Moisei Shukhgalter was born in 1906 in Kiev; most of his childhood was spent in Koziatyn, 150 kilometers southwest of the city, where his father Iakov was a clerk at a sugar plant. Moisei's father preferred to speak Russian, rather than Yiddish. Nevertheless, he wished to give his son a traditional education. These hopes were dashed in 1914, when Moisei's melamed was drafted to fight in World War I. In 1916, the young Moisei entered a gymnasium in Berdichev – but, after the Revolution of 1917, he left it for an ordinary school in Koziatyn. In 1923, he finished a vocational school in Kiev and returned to Berdichev, to work as a mechanic at a local sugar plant. He would remain connected with the food industry for the rest of his professional life. In 1930, Moisei graduated from the faculty of industrial technologies of the Kiev Institute of the National Economy (the present-day Kyiv National Economic University), and he went on to work at a sugar refinery in Odessa.

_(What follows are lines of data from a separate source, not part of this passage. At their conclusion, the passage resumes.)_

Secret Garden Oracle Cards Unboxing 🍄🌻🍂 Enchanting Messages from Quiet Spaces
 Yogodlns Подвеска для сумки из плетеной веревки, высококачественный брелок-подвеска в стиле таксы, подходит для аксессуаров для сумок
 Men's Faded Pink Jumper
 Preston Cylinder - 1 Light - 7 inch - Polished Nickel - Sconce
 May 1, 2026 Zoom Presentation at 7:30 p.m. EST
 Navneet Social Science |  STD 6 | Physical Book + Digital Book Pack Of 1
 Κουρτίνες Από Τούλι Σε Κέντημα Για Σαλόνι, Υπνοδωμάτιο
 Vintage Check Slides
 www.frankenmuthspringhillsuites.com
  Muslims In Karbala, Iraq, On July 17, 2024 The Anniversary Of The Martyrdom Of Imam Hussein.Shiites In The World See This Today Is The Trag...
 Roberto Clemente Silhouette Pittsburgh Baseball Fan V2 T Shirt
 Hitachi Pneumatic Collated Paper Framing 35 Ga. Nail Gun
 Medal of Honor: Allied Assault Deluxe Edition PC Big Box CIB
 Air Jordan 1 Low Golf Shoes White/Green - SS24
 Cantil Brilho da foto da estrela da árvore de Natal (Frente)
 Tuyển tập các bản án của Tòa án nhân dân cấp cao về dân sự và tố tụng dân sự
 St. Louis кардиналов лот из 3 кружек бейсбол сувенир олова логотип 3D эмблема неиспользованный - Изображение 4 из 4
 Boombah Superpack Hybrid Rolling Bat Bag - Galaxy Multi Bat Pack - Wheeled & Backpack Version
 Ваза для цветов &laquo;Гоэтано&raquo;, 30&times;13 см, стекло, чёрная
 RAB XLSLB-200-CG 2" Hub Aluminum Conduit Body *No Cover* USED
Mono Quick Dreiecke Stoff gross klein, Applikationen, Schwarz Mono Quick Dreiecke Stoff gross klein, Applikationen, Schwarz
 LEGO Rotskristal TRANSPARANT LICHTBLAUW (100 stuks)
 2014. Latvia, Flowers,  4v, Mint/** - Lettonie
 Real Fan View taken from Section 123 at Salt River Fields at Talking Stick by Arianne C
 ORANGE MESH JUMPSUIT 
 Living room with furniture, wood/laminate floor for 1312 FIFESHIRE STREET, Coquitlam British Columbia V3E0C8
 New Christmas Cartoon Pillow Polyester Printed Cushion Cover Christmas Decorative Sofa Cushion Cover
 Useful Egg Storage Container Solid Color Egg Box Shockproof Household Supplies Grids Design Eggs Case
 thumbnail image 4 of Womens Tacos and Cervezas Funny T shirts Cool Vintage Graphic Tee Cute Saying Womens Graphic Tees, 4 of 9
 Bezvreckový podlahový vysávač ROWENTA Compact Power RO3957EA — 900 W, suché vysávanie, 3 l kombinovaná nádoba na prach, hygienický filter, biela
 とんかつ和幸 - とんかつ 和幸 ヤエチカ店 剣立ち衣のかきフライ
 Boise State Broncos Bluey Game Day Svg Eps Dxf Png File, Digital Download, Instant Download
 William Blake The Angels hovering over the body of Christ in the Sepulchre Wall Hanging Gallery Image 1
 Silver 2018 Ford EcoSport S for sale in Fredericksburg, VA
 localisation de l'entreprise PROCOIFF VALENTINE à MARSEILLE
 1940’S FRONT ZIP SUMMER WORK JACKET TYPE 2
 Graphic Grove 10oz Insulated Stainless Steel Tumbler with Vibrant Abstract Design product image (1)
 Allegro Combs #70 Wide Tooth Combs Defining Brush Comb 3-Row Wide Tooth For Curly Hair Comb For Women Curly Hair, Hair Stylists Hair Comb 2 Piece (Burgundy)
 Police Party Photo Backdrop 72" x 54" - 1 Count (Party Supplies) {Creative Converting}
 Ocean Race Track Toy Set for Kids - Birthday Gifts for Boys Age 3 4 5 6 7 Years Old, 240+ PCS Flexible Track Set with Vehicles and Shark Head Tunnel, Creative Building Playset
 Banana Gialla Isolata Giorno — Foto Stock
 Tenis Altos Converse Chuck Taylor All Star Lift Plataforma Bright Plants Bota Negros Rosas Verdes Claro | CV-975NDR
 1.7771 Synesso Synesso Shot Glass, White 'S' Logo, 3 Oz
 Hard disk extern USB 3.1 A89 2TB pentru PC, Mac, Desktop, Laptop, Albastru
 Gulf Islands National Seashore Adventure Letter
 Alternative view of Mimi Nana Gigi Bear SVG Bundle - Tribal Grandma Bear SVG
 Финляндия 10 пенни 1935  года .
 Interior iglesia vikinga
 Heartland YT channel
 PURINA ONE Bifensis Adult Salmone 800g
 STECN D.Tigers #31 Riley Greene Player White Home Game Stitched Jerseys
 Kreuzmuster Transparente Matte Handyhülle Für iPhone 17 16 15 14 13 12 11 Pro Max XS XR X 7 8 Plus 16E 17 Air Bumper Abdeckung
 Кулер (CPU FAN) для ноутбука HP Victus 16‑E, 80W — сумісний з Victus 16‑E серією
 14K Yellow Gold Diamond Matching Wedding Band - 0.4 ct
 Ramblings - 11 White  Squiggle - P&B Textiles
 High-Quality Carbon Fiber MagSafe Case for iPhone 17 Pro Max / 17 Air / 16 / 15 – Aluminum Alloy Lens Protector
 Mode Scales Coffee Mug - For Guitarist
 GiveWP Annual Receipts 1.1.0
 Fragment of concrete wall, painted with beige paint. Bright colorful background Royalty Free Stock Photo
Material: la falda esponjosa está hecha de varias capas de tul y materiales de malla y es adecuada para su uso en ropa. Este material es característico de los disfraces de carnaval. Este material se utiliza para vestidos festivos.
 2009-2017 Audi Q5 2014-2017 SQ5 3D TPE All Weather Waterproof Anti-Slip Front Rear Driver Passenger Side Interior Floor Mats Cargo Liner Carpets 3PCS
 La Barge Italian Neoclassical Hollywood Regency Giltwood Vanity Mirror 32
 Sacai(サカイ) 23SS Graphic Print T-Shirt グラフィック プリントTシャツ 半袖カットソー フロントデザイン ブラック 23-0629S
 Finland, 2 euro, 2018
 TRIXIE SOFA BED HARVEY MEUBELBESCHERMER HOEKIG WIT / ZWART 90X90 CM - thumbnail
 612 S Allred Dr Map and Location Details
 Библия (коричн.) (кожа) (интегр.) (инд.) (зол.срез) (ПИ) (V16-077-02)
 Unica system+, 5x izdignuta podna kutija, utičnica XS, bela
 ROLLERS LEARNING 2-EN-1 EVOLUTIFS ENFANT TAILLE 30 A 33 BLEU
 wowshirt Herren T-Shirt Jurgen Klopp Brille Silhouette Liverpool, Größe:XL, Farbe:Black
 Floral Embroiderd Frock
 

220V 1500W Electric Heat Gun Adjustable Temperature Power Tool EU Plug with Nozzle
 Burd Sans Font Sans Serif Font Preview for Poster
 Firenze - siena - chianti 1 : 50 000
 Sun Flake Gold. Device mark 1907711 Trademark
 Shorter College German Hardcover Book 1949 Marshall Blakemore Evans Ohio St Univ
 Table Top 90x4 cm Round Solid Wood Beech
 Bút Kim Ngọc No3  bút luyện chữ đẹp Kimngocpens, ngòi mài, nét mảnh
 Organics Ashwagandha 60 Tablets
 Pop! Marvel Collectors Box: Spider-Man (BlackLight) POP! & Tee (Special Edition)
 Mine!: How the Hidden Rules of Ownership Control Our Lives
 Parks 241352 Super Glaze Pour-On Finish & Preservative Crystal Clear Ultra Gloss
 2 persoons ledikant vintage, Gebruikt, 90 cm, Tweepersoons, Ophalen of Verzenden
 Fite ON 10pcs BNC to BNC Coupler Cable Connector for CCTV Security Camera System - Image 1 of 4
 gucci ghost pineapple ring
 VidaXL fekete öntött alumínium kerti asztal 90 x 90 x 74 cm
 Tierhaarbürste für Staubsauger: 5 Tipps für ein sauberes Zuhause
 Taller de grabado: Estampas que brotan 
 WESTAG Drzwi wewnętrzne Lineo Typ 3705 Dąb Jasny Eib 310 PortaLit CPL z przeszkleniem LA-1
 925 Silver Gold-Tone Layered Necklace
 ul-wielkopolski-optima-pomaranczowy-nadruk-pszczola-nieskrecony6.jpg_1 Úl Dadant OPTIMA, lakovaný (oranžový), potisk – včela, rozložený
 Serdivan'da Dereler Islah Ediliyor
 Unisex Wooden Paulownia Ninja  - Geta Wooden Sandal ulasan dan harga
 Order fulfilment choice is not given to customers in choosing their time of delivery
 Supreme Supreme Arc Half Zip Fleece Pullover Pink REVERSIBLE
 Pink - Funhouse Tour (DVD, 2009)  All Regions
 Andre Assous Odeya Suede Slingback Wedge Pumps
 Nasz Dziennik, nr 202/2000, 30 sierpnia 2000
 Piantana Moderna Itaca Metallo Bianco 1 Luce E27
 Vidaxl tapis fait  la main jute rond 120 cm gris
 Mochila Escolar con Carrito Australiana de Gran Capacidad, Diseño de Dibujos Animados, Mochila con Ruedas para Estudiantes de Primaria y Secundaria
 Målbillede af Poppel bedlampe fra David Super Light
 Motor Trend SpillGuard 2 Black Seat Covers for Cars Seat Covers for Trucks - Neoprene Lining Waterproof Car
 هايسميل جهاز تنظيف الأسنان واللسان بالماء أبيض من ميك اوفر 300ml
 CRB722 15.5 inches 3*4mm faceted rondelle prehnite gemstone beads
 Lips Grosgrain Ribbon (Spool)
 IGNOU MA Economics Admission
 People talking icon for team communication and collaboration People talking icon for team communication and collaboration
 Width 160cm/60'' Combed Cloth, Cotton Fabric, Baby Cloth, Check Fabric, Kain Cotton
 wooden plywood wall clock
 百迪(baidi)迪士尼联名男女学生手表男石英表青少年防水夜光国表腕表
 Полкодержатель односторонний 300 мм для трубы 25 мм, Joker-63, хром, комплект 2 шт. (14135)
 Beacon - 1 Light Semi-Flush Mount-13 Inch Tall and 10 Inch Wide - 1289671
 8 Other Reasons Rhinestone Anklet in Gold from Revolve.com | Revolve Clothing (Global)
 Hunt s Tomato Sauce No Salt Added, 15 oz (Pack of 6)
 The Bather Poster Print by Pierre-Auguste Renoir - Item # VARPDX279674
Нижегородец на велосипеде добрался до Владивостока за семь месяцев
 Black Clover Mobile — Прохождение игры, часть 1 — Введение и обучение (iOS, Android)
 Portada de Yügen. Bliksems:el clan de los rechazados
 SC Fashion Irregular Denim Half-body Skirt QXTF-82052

On June 22, 1941, the Soviet-German War broke out, and on that very day Moisei received a call-up notice from the Red Army. On the next day, he was already a soldier. Due to his higher technical education, he was immediately promoted to military technician, 2nd rank (equivalent to a lieutenant), and attached to the HQ of the 48th Rifle Corps. Shukhgalter began the war in Bessarabia (Moldova), and a short time later he was wounded and shell-shocked. After his recovery, he took part in the unsuccessful defense of the Crimea and the retreat to the North Caucasus, and he survived the Red Army's abortive landing in Kerch (eastern Crimea) in December 1941-January 1942. In summer 1942, in the North Caucasus, he once again took part in the retreat of the Red Army, and fell sick with dysentery. After recovering, he was attached to the 1st Guards Tank Army. Now, Shukhgalter's duty was baking bread in field conditions and supplying the soldiers with it (and with other foodstuffs).
With the 1st Guards Tank Army, Moisei Shukhgalter traveled through Ukraine and Poland. He took part in the crossing of the Oder River in 1945, and was seriously wounded there; in April-May 1945, he took part in the Battle of Berlin. He was awarded the Order of the Red Star and several medals (including "For the Defense of the Caucasus"). His last rank was that of engineer major.
While moving through Poland, Shukhgalter was impressed by an encounter with Jewish partisans. He also met other Jews rescued in Poland or Germany.
In 1948, Moisei Shukhgalter was discharged from the army as a "specialist important for the national economy." This formula did not help him find employment in his field of expertise. In the 1950s and later, he worked as a manager of various food factories.
In 1987, Moisei Shukhgalter immigrated to the USA and settled in Los Angeles. He died in 1999.
An encounter with Jewish partisans.
"We made a stop in one of the Polish towns…. Our people were very tired – and besides, it was necessary to wait for the rear to catch up, since we were running low on food, ammunition, and fuel.… I stayed in a peasant hut…. Early in the morning, the owner of the hut woke me up: "Pane, pane! [sir, sir!], they are asking for you'. I was astonished: who could possibly be asking for me – and through a Pole, at that? A man is standing there, a tall man in a Polish peasant coat [svitka], with a machine-gun belt and a long curly beard. He instantly called to mind the image of a Biblical prophet, and it was clear to me that [he was] Jewish. He addressed me in a mixture of Yiddish, Russian, and Polish. From his words, I gathered that he was a partisan, a Jew, and that there were eight Jewish partisans assembled in the ruined synagogue building in this town; they wished to hold a prayer to commemorate the victims; however, they lacked two men for a minyen [minyan, prayer quorum]… I have wondered ever since how he learned that I was Jewish. 'Is there at least one other Jew among your officers?'… It was not particularly desirable from the point of view of our regulations; contacts with the local population were frowned upon. But it was very early in the morning; all were asleep, and so I went. In the second hut from ours, I found Captain Katsnelson. I woke him up; he was not very enthusiastic, but he agreed to accompany us. We came to the synagogue…. It had been burned down, but the partisans were assembled inside it…. There were two Russian Jews among them; they spoke Russian, and had escaped from a deportation train."